Assigned task :: Repeat the span of the entries below that starts at the line with "Trendyol Crop Message Hoodie" and ends at the line with "Vinyl Snow Mountain", nothing more. Skip the pictures.

Input ::
****************

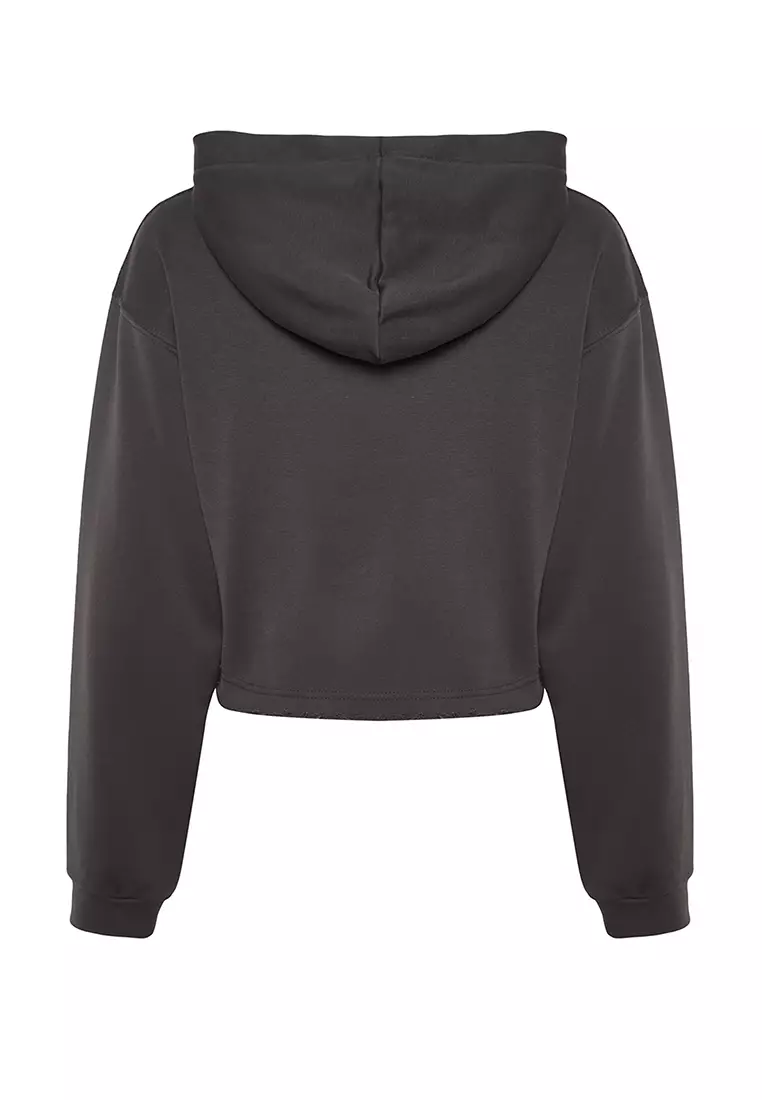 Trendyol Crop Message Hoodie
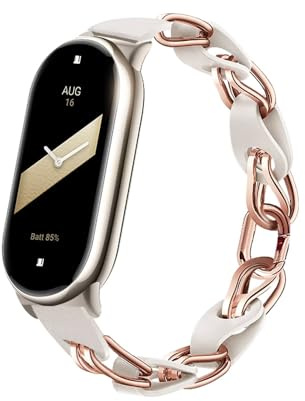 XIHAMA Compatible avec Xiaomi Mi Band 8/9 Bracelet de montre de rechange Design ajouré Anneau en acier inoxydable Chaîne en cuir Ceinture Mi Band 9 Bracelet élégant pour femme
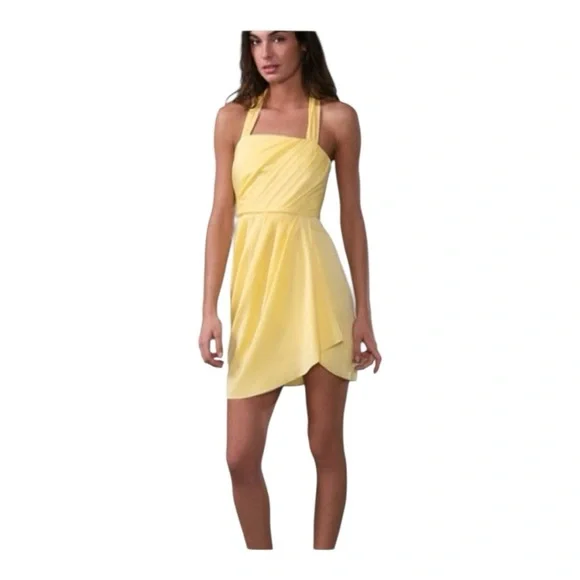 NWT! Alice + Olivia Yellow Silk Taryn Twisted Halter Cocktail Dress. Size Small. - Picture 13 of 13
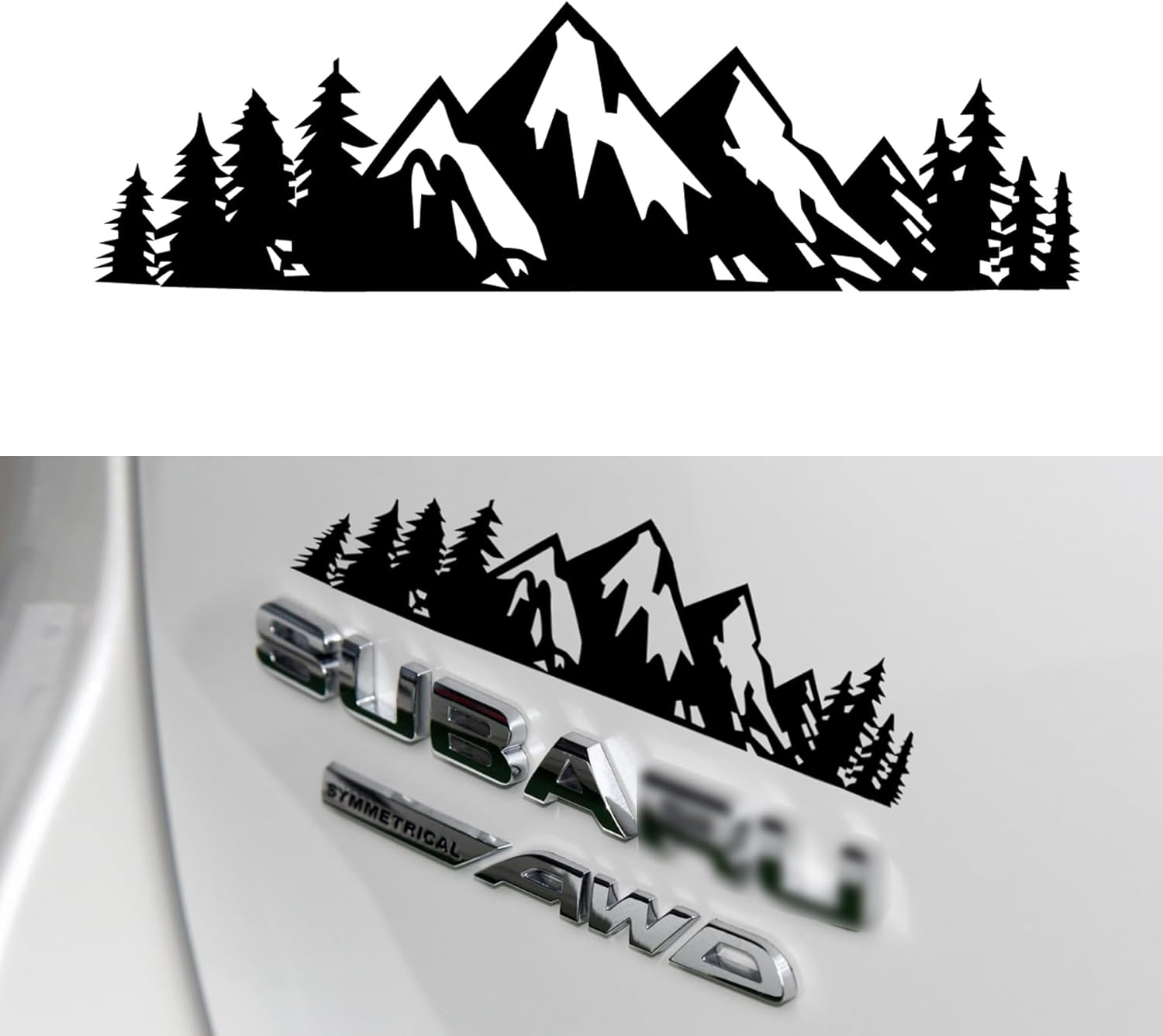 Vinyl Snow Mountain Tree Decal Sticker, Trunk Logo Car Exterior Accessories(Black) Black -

****************

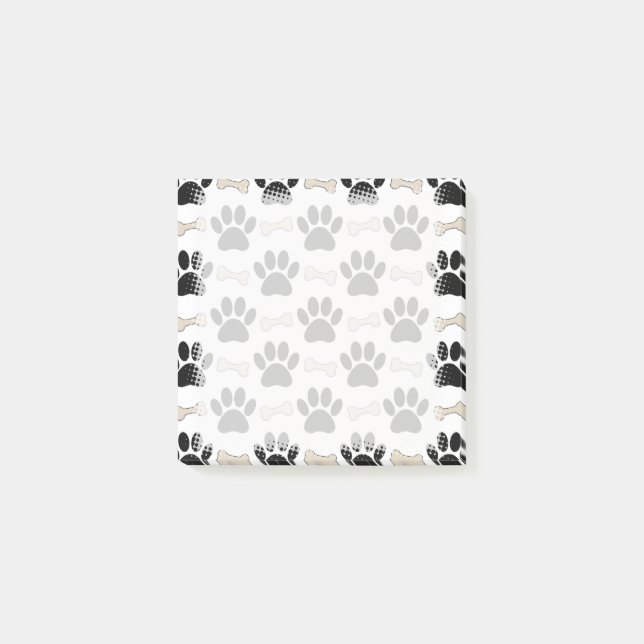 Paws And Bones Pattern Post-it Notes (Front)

****************

Task result ::
 Trendyol Crop Message Hoodie
 XIHAMA Compatible avec Xiaomi Mi Band 8/9 Bracelet de montre de rechange Design ajouré Anneau en acier inoxydable Chaîne en cuir Ceinture Mi Band 9 Bracelet élégant pour femme
 NWT! Alice + Olivia Yellow Silk Taryn Twisted Halter Cocktail Dress. Size Small. - Picture 13 of 13
 Vinyl Snow Mountain Tree Decal Sticker, Trunk Logo Car Exterior Accessories(Black) Black -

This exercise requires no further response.